Then the image was masked by the t-score (all voxels with t-score less than 3 are considered non-significant: .δσ|_{t < 3} = 0), and spatially smoothed with a Gaussian filter (with 0.3 mm kernel).

The accuracy and resolution of image reconstruction were determined by computing the centre of mass and standard deviation of the spatial conductivity distribution for each reconstructed perturbation:

$$\begin{equation} \begin{array}{l} {\bf r}_c = \displaystyle\frac{{\mathop \sum _{i = 1}^m ( {\delta \sigma ^i \cdot r_i })}}{{\mathop \sum _{i = 1}^m \delta \sigma ^i }} \\ \varepsilon _r = \displaystyle\frac{{\langle {\delta {\boldsymbol \sigma } \cdot {\bf r} - \overline {\delta {\boldsymbol \sigma } \cdot {\bf r}} } \rangle }}{{\mathop \sum _{i = 1}^m \delta \sigma ^i }}. \end{array} \end{equation} \tag{ 10 }$$

r_c is the centre of mass, ε_r is the standard deviation of the conductivity distribution in three dimensions, which represents the radius of the fussy reconstructed object, r_i is the coordinates of ith element, and δσⁱ is the conductivity value in ith element. Localization error (difference between the true and reconstructed position of the perturbation: $\left| {{\bf r}_c - \widehat{{\bf r}_c }} \right|$ was computed and displayed, as well as shape error $\left| {\varepsilon _r - \widehat{\varepsilon _r }} \right|$, where $\widehat{{\bf r}_c }$ is the true position of the centre of perturbation, and $\widehat{\varepsilon _r }$ = 0.25 is the radius of perturbation.
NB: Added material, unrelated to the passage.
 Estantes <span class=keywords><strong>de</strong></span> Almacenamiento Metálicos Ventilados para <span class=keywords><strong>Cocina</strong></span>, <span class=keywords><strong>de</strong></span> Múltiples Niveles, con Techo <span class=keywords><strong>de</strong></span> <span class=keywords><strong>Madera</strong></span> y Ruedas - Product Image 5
After evaluation, the developed methods were employed to study the feasibility of imaging deep brain neural activity with a 3D arrangement of electrodes. A 15 M element optimized forward mesh, 100 k inverse hexahedral mesh, and 256 electrodes placed around the brain, with 64 of them being injecting, were employed (figure 4). A 0.5 mm spherical perturbation with a 10% conductivity change, simulating neuronal activity, was placed in the hippocampal area CA1 and the improved image reconstruction procedures described above were utilized.

Zoom In Zoom Out Reset image size

The mesh convergence analysis indicated readily identifiable optimal parameters, which satisfied the convergence criteria. s_i and $z_i /z\_p$ were set at the minimum value where the convergence error reached mesh variability (figures 5(a) and (b)). On the other hand, the error did not vary across the search space for parameter s_e (figure 5(c)), and therefore s_e was set at the minimum value. The search space for s_e commenced at s_i/2 for optimal s_i, because electrodes had to be refined for the mesh where convergence for overall problem has been reached (table 1).
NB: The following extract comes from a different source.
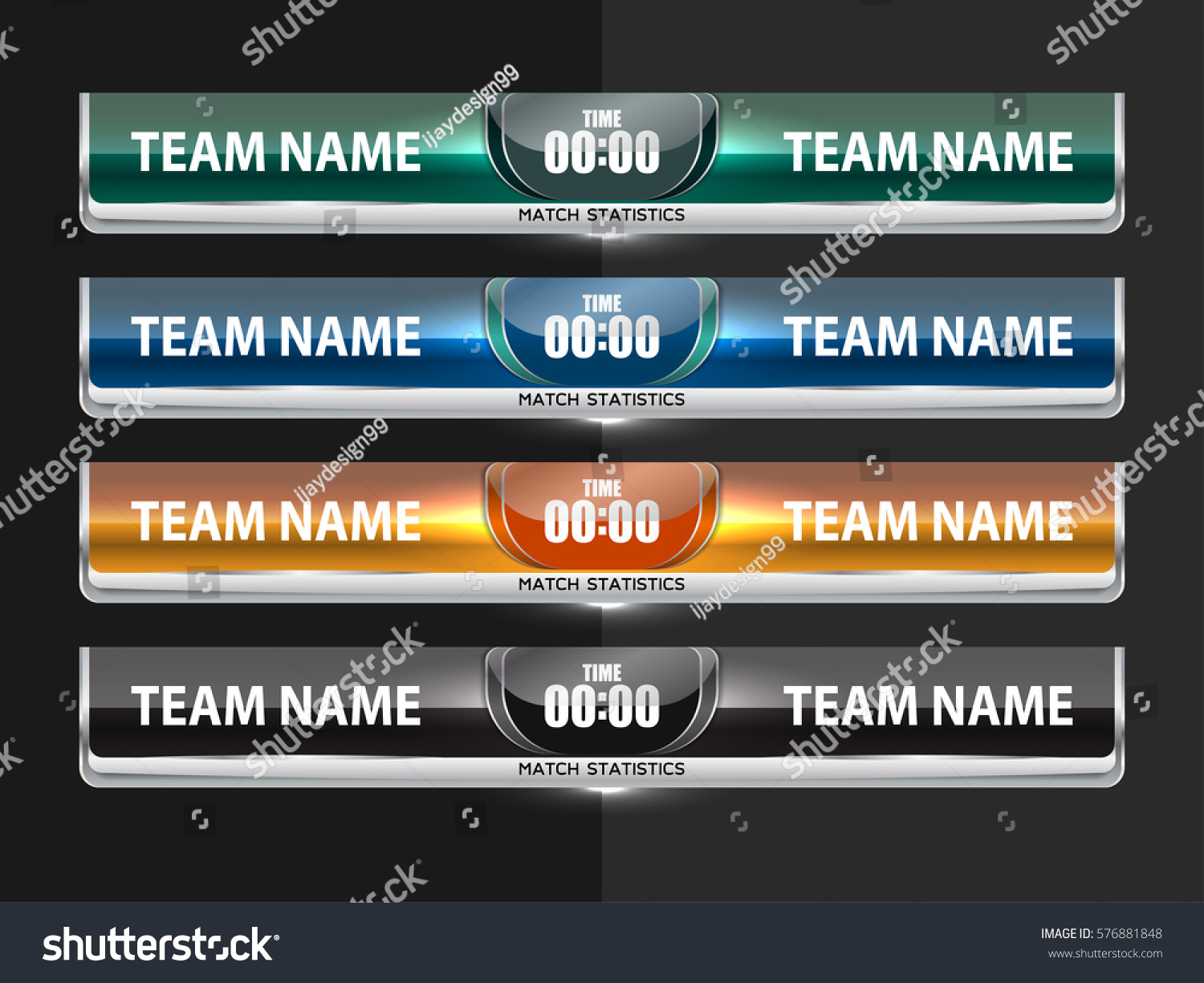 Scoreboard Broadcast Graphic Lower Thirds Template Stock Vector ...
Zoom In Zoom Out Reset image size

Total 15 k of simulations has been performed for all possible perturbation locations, of which the single example, in which the perturbation was placed in the middle of the array at 0.8 mm depth, is shown on figure 6. It demonstrates the improvement of the noise-based, t-score masking in comparison to raw conductivity change.
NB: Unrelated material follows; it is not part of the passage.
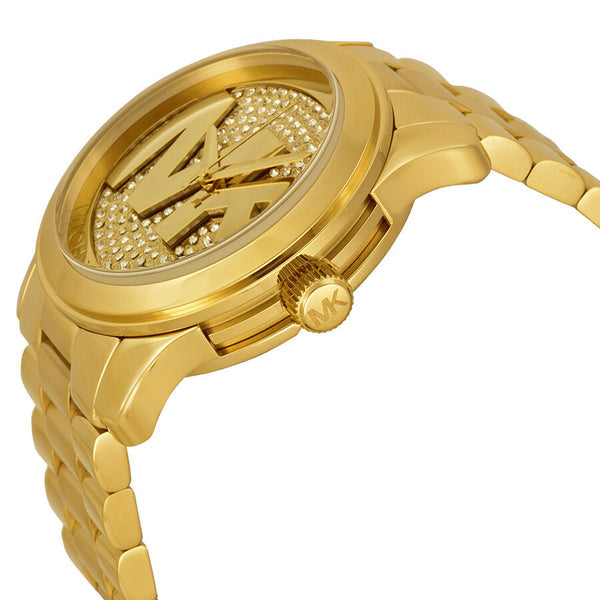 Michael Kors Runway Gold Crystal Pave Dial Bling Watch MK5706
Zoom In Zoom Out Reset image size

The localization error was assessed at depths of 0.4 and 0.8 mm throughout the whole area of the array. At a depth of 0.4 mm, corrected and uncorrected reconstruction produced similar localization errors throughout the volume under the array (figure 7). Uncorrected or corrected reconstruction produced an average error of 0.16 or 0.11 mm respectively.

Zoom In Zoom Out Reset image size

At 0.8 mm, the region where depth accuracy for imaging evoked sensory neural activity is arguably most important, as this corresponded to layer IV which receives the initial cortical input (Armstrong-James et al 1991), uncorrected reconstruction produced a mean error of 0.5 mm. Corrected reconstruction matched the expected depth to within 0.08 mm (figure 8).

Zoom In Zoom Out Reset image size

Further assessment of the localization error at depths 0.2–2 mm throughout the volume under the array indicated that under the centre of the array (about 4 × 5 mm²), there was a uniform accuracy of 0.4 mm for uncorrected, and 0.1 mm for corrected reconstruction. The average shape error $\left| {\varepsilon _r - \widehat{\varepsilon _r }} \right|$ was also homogenous throughout this area, being 0.12 and 0.01 mm for uncorrected and corrected reconstruction respectively.

The accuracy of localization for a spherical perturbation 0.5 mm ($\hat \varepsilon _r$ = 0.25 mm) in diameter with respect to depth in the centre of the array to 2 mm deep was for uncorrected reconstruction was 0.24 mm (no noise) and 0.4 mm (with noise). With noise-based correction it was 0.05 mm for both cases (figure 9).

Zoom In Zoom Out Reset image size

The average shape error $\left| {\varepsilon _r - \widehat{\varepsilon _r }} \right|$ was 0.05 mm for uncorrected without noise, 0.06 mm for uncorrected with noise, and 0.02 mm for corrected (both with and without noise) image reconstruction.

Overall, with noise-based correction, the total region of acceptable accuracy and resolution of <0.1 mm was an area 4 mm × 5 mm around the centre of the array down to 1.4 mm deep.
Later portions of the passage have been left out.